Existe uma clara linha divisória, nem sempre percebida nitidamente, entre a moral e o moralismo. Aquela, grosso modo, revela um conjunto de valores e princípios que deve reger a conduta humana, variando no espaço e no tempo.

Todas as sociedades, em algum momento de sua história, adotaram determinadas normas de comportamento, não raro resultantes de práticas multisseculares, as quais reputaram essenciais para a convivência harmônica de seus integrantes.

Embora destituída de sanções materiais, a moral corresponde a um código de procedimentos que sujeita os transgressores à reprovação, velada ou explícita, dos membros da coletividade a que pertencem, acarretando, por vezes, a própria exclusão dos recalcitrantes de seu convívio.

Já o moralismo representa uma espécie de patologia da moral. Enquanto nesta há um certo consenso das pessoas no tocante à distinção entre o certo e o errado, no moralismo alguns poucos buscam impor aos outros seus padrões morais singulares, circunscritos a certa época, religião, seita ou ideologia.

Os que discordam são atacados por meio de injúrias, calúnias ou difamações e até agressões corporais. No limite, são fisicamente eliminados. Paradoxalmente, quase sempre os moralistas deixam de praticar aquilo que exigem dos demais.

A ética, por sua vez, derivada da palavra grega traduzida por "bons costumes", corresponde a uma disciplina comportamental que estuda as escolhas morais sob o prisma da razão, com vistas a orientar as ações humanas na direção do bem comum.

O direito para alguns juristas, a exemplo do clássico Georg Jellinek (1851-1911), equivaleria a um "mínimo ético", isto é, a determinado número de preceitos morais considerados indispensáveis à sobrevivência pacífica de dado grupo social e transformados em lei.

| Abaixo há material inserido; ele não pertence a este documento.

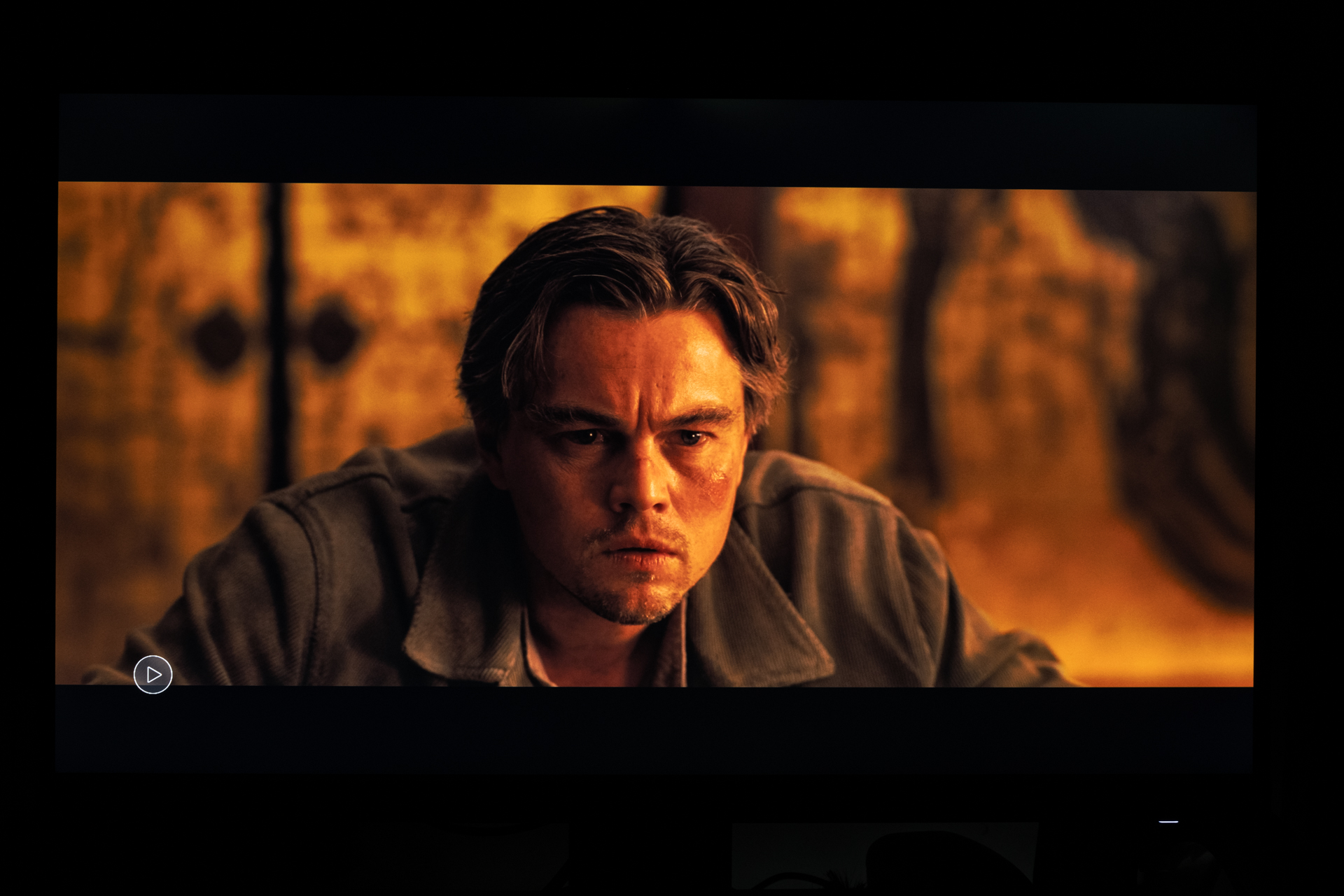 修图显示器2k好还是4k好,4k修图剪辑视频显示器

No campo do direito, os moralistas expandem ou restringem esse conceito conforme lhes convém, interpretando as regras jurídicas segundo sua visão particular de mundo. Sobrevalorizam a "letra" da lei, necessariamente voltada ao passado, em detrimento do "espírito" da lei, que abriga interesses perenes.

Aplicam as normas legais fria e burocraticamente, trivializando a violência simbólica que elas encerram. Não hesitam em incorrer, proposital ou inconscientemente, no risco da "banalização do mal" de que nos falava a filósofa Hannah Arendt (1906-1975).

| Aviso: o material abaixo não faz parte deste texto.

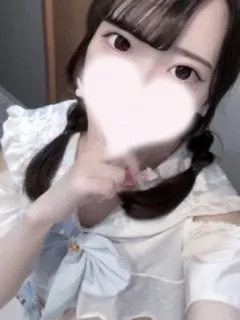 みゆ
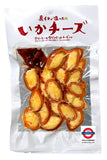 濃厚芝士魷魚 つまみ蔵 チーズいか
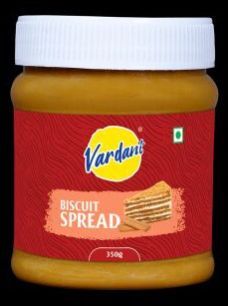 Biscuit Spread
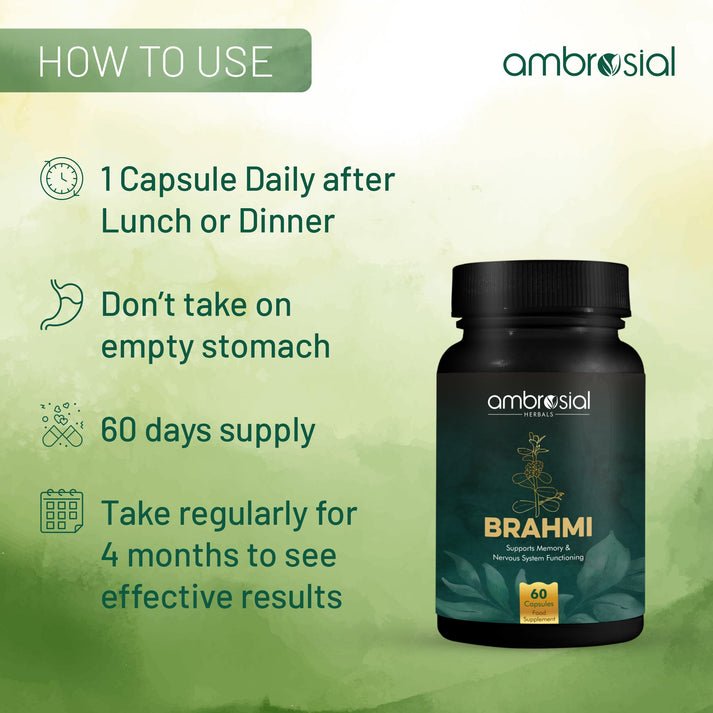 2025/03/1000399394.jpg Brahmi 500mg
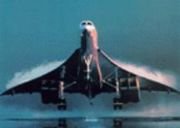 180px-Startende_Concorde.jpg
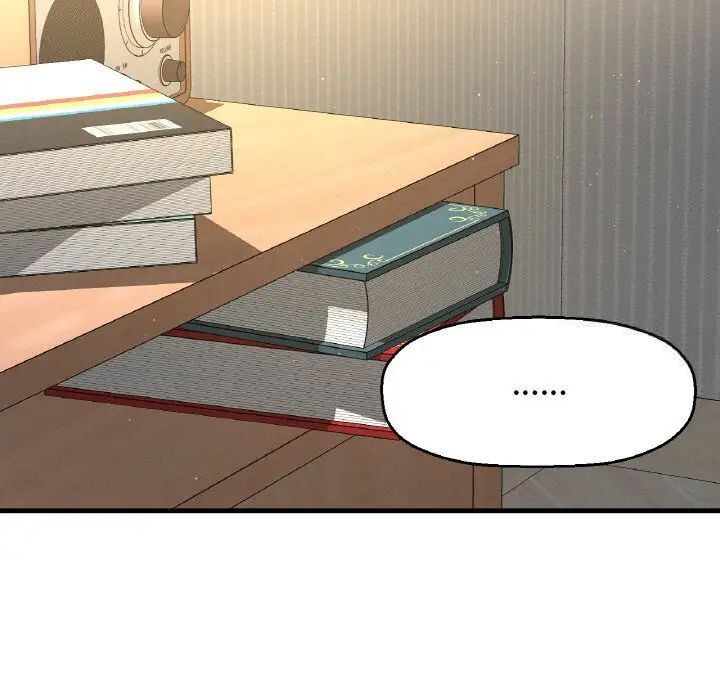 [韩国漫画] 我的女王 剧情,女学生#[232P]-108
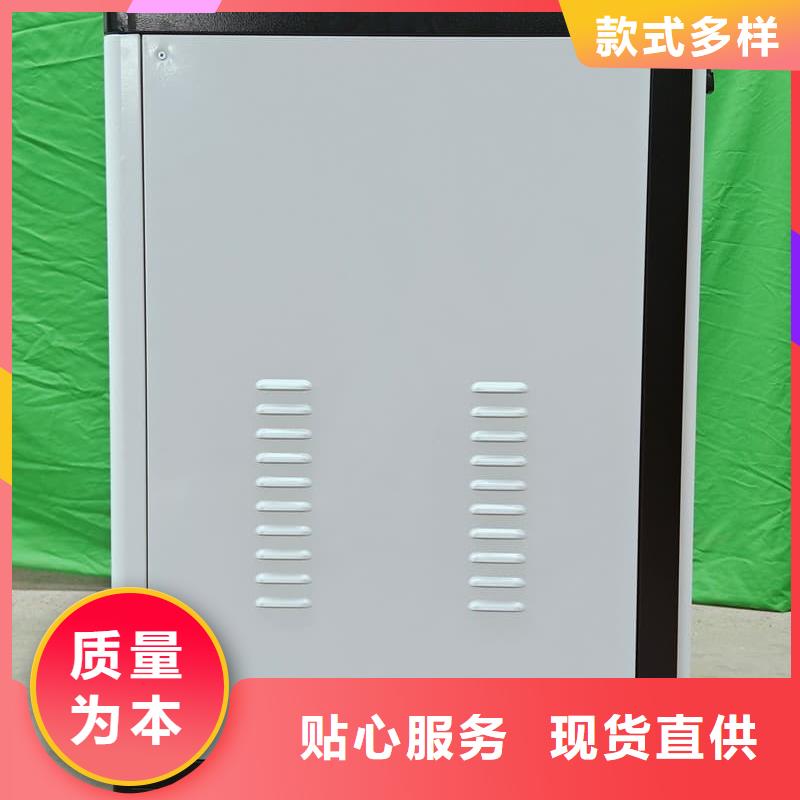
半导体电锅炉
厂家低价出货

A crônica da humanidade é pródiga em desvelar o trágico fim de moralistas que empolgaram o poder e exercitaram aquilo que consideravam direito a seu talante. Basta lembrar a funesta saga do monge Girolamo Savonarola (1452-1498), o qual, com pregações apocalípticas, extinguiu o virtuoso capítulo do Renascimento florentino. Acabou seus dias ardendo numa fogueira.

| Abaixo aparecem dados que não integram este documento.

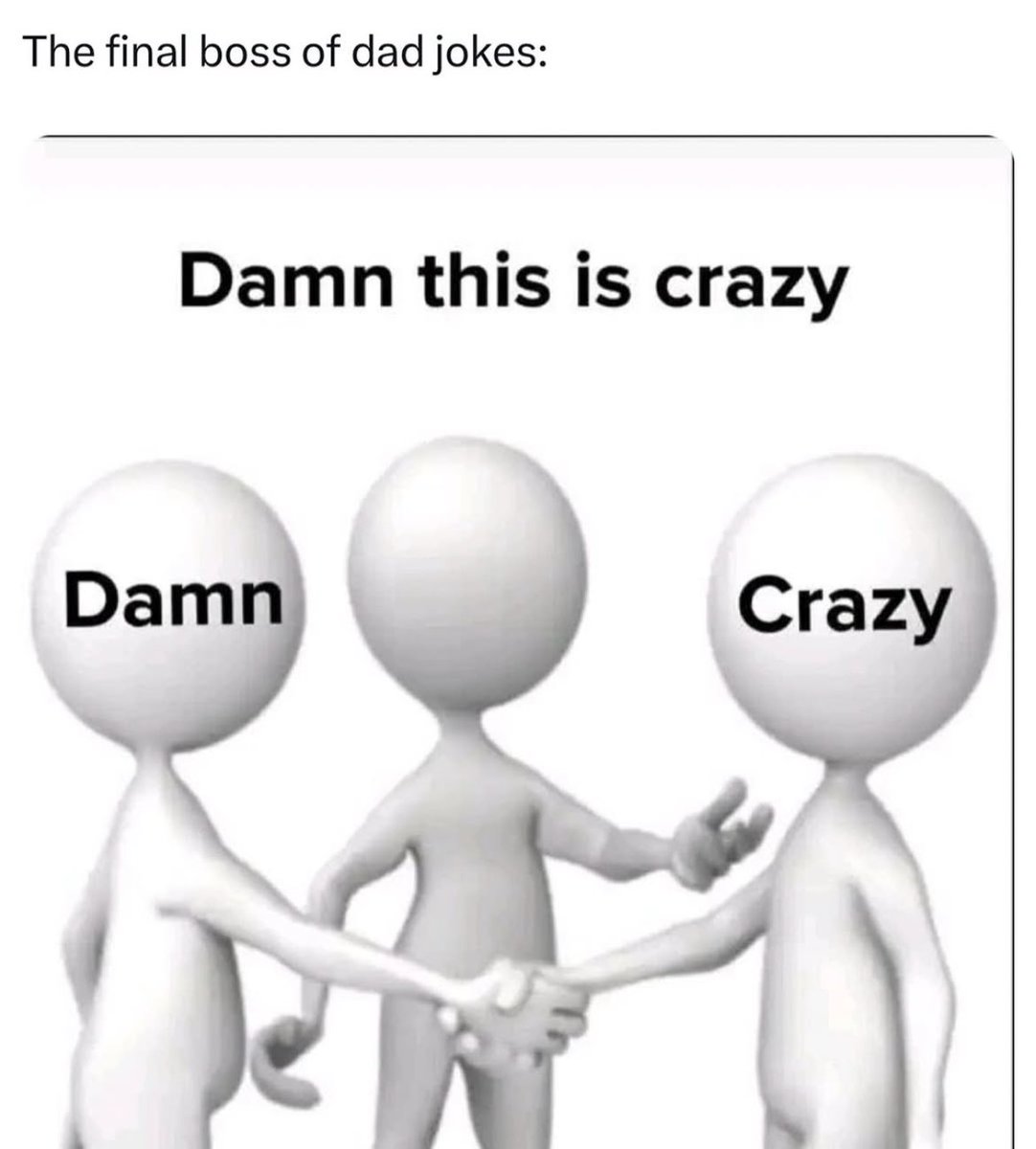 <a href="/AutismCapital/">Autism Capital 🧩</a>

Ou a do deputado jacobino Maximilien de Robespierre (1758-1794) que, durante a libertária Revolução Francesa, mandou executar arbitrariamente centenas de opositores reais ou imaginários. Terminou guilhotinado, abrindo caminho para Napoleão Bonaparte (1769-1821).

Quer tenham sobrevivido por mais tempo ou deixado a vida precocemente, os moralistas jamais foram absolvidos pela posteridade.